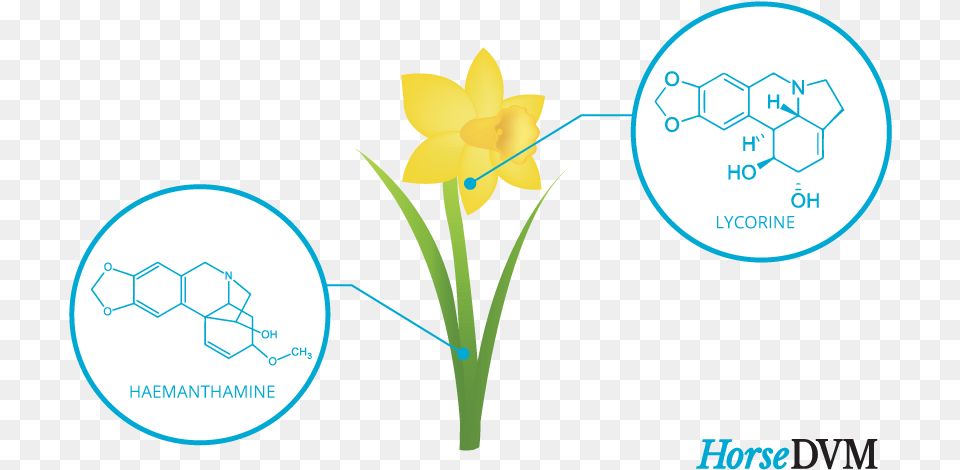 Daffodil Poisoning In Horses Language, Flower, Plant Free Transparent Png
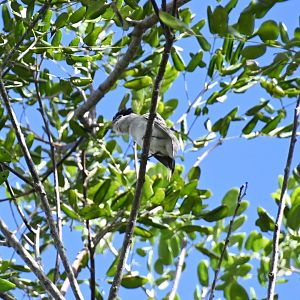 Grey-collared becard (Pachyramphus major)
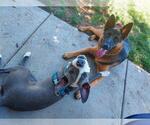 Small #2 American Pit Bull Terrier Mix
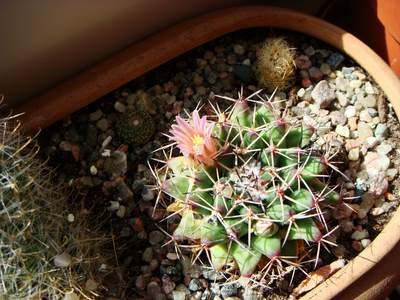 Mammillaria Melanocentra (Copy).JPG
==
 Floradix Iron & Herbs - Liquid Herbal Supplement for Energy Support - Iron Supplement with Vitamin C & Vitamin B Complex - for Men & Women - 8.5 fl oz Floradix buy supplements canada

EXERCISE PROMPT: Return the material from the line containing "Daffodil Poisoning In" through the line containing "Mammillaria Melanocentra (Copy).JPG", exactly and in full, but without its pictures.

EXERCISE ANSWER:
 Daffodil Poisoning In Horses Language, Flower, Plant Free Transparent Png
 Grey-collared becard (Pachyramphus major)
 Small #2 American Pit Bull Terrier Mix
 Mammillaria Melanocentra (Copy).JPG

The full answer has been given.